13:34All of that is going to result in no fiscal discipline anywhere.
13:41So basically, it brings you back to the debasement cycle, which is why, you know, crypto has been one of
13:47the leaders since the start of the war.
13:51In our view, it's just that there's a secondary fintech level of real build and deployment in the Ethereum space.
14:01We've been, you know, involved in that for more than a year now.
14:06Right.
14:07On and off.
14:08And so we've come back to it in Ethereum.
14:10And then Hyperliquid's, you know, another story unto itself, but part of a bigger development in financial markets that I
14:16think is going unnoticed by a lot.
14:19And that is these developments of alternative venues that were historically crypto migrating to, you know, conventional products.
14:29So Hyperliquid now is the marketplace for oil, right, in the off hours and on the weekend.
14:37You know, the Hyperliquid's doing, you know, a billion in change, a billion three a day between Brent and TI.
14:43Adam, the problem with crypto right now is still the vulnerabilities.
14:48I mean, crypto wants to be fully integrated into Wall Street, but hacks, repeated hacks, the amount of money, you
14:57know, getting lost out there.
14:59Why are we still seeing these vulnerabilities and when do they get ironed out?
15:03You're seeing them in bridging protocols, you know, in DeFi specifically.
15:08You're not seeing it in the sort of regulated scale entities, a Coinbase, et cetera, Kraken.
15:20And so I think that that's just part of the evolution of it.
15:25What is clear is that there is more and more activity in this sort of connective tissue, what we described
15:34as the connective tissue, between traditional finance and digital finance.
15:38And there remains a lot of opportunities there.
15:41And that's where you're supposed to focus as opposed to, you know, DeFi protocol, exclusive DeFi protocols where, you know,
15:48that are sort of like crypto only, if you will.
15:51Given your background as a macro trader, are there macro signals out there that you're looking out for, for inflection
15:59points in the crypto space?
16:03Crypto specifically, it's more of the continued build that we see and adoption by more conventional players.

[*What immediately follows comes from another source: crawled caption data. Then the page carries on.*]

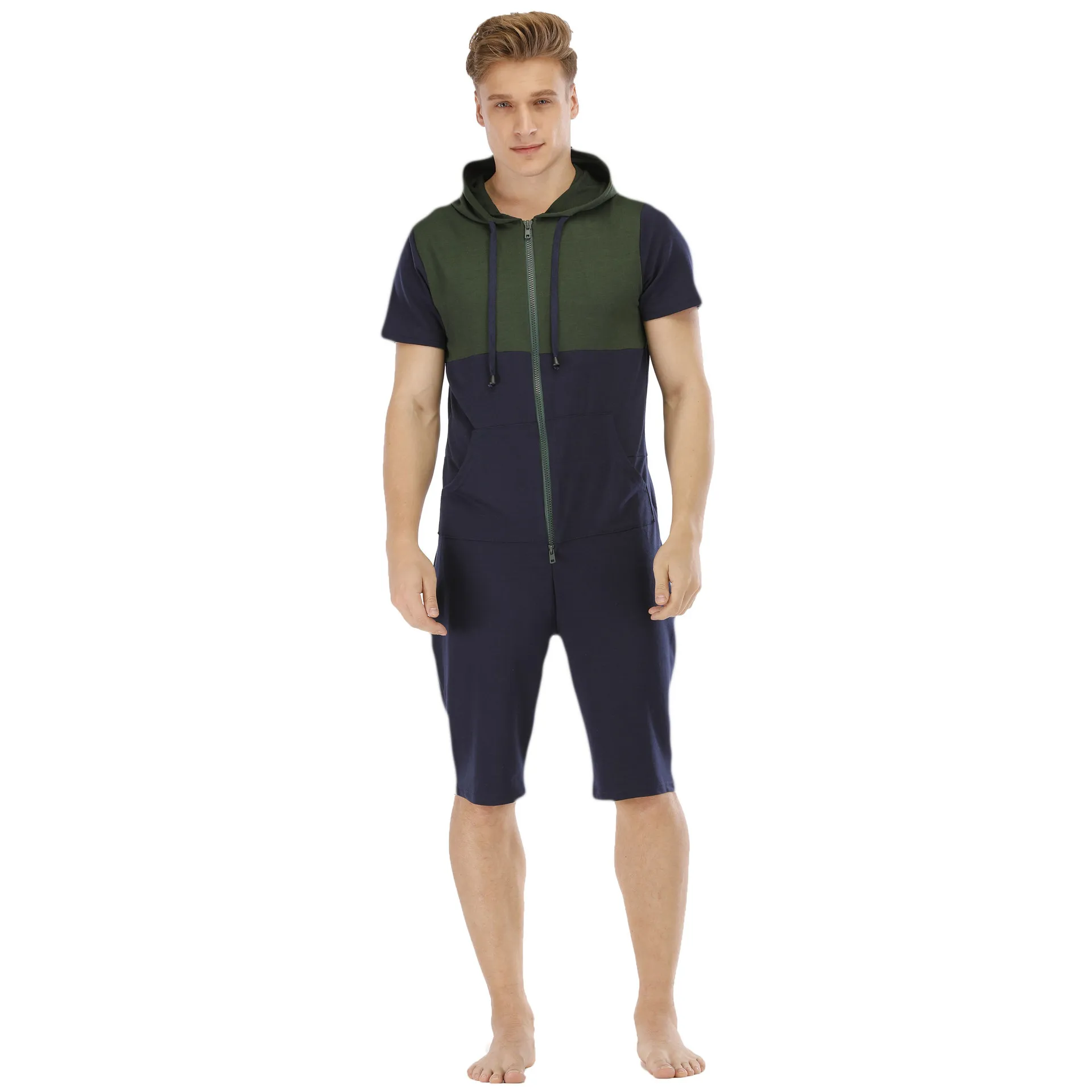 New Men Onesie Patchwork Print Pajamas Sleepwear Summer Short Sleeve Costumes Hoodie Jumpsuits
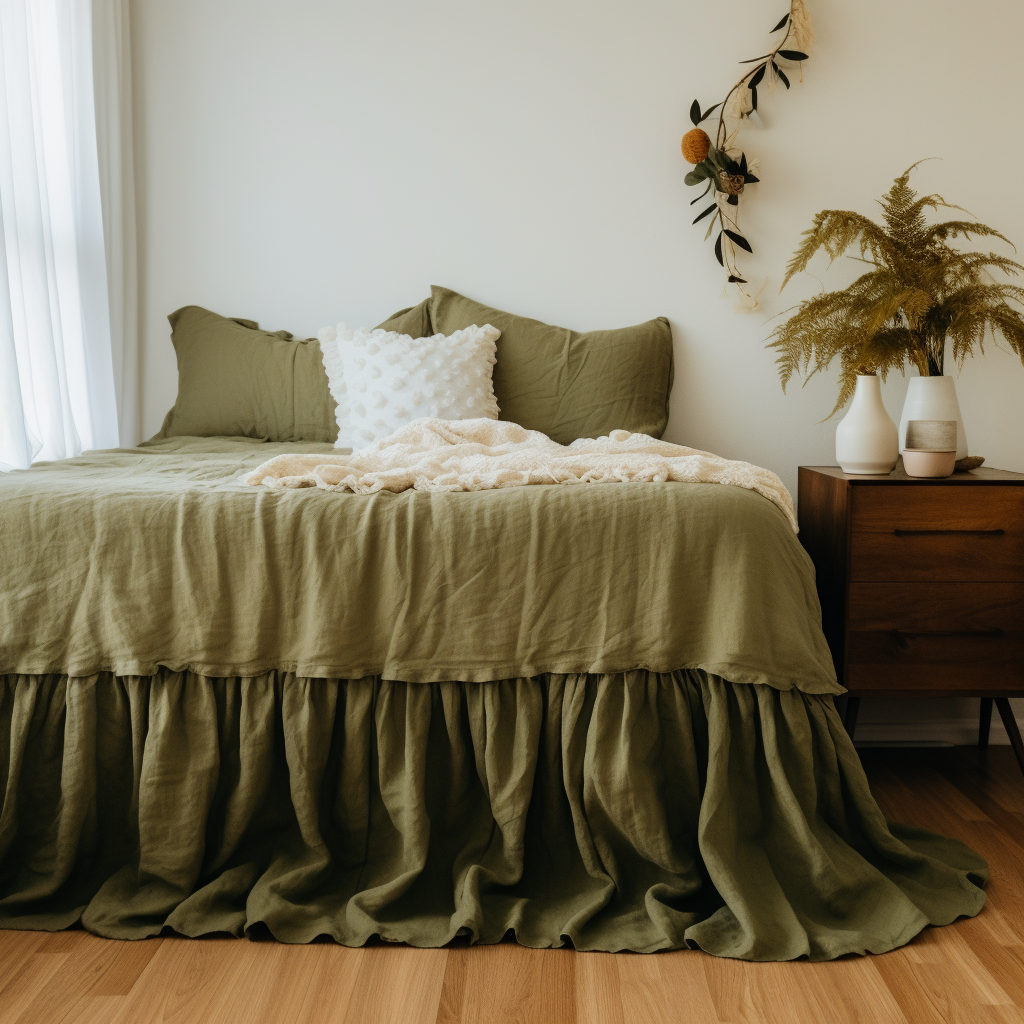 Moss Green Linen Bed Skirt with Gathered Ruffles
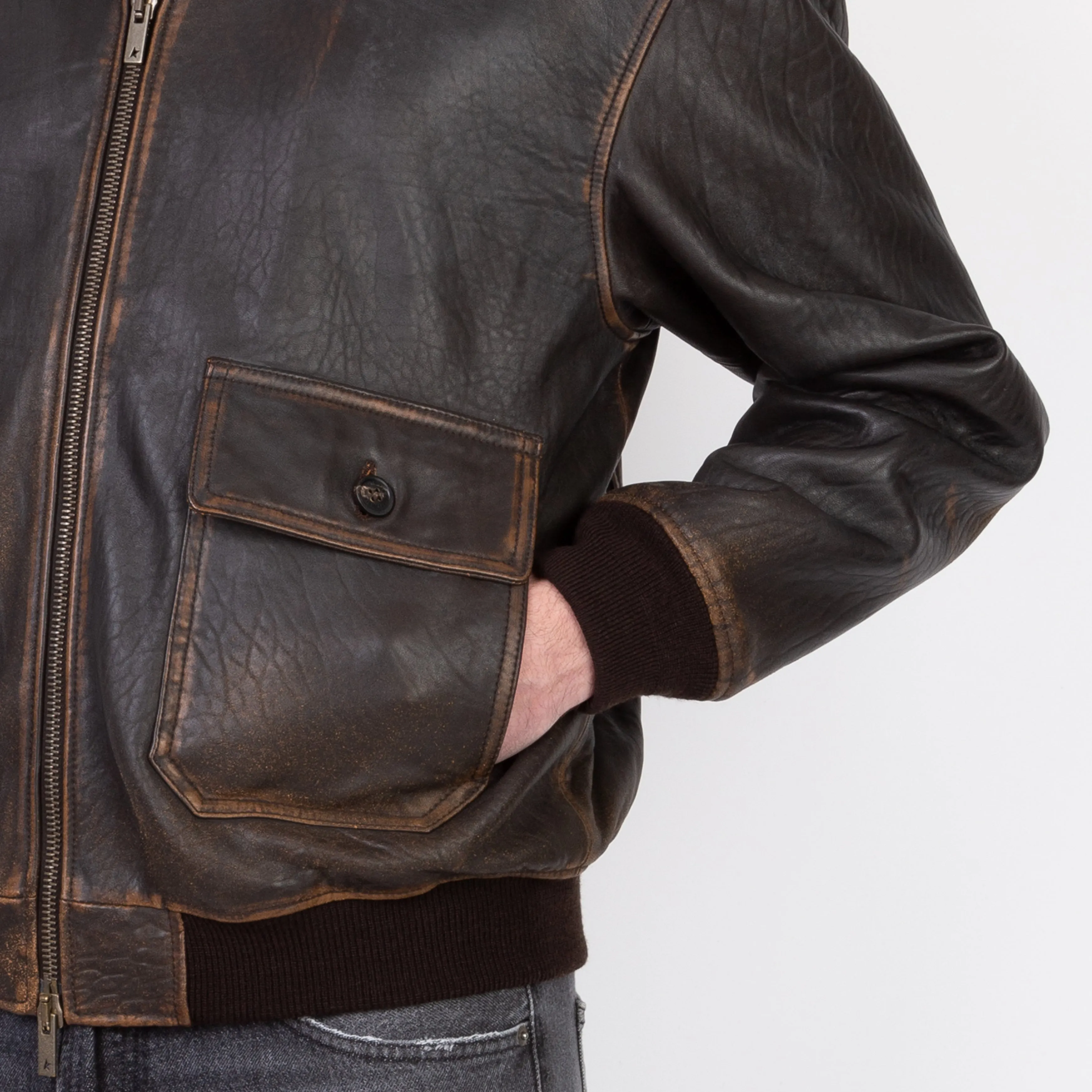 GOLDEN GOOSE LEATHER JACKET GMP01658.P001425.55381 DARK BROWN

16:13And you're seeing that going on to a degree in the Canton network.
16:16As I said, you're seeing it in these markets that go across TradFi and DeFi as people, as these platforms,
16:27these alternative venues start to trade oil and gold, silver.
16:32And eventually this year, you'll see it in tokenized stocks and what have you.
16:38So that's going to happen and sort of Wall Street's going to have to adapt to it or you'll lose
16:45more and more market share to that space.
16:48So I think those forces are in place.
16:50The debasement stuff is a function of, as we talked about, fiscal discipline.
16:54And you're going to see nobody with fiscal discipline.
16:58And that will act as, for a little while, a protector.
17:03You know, everything will be bad, so there won't be any differentiation between them.
17:07But that's the argument for, you know, some forms of debasement trades.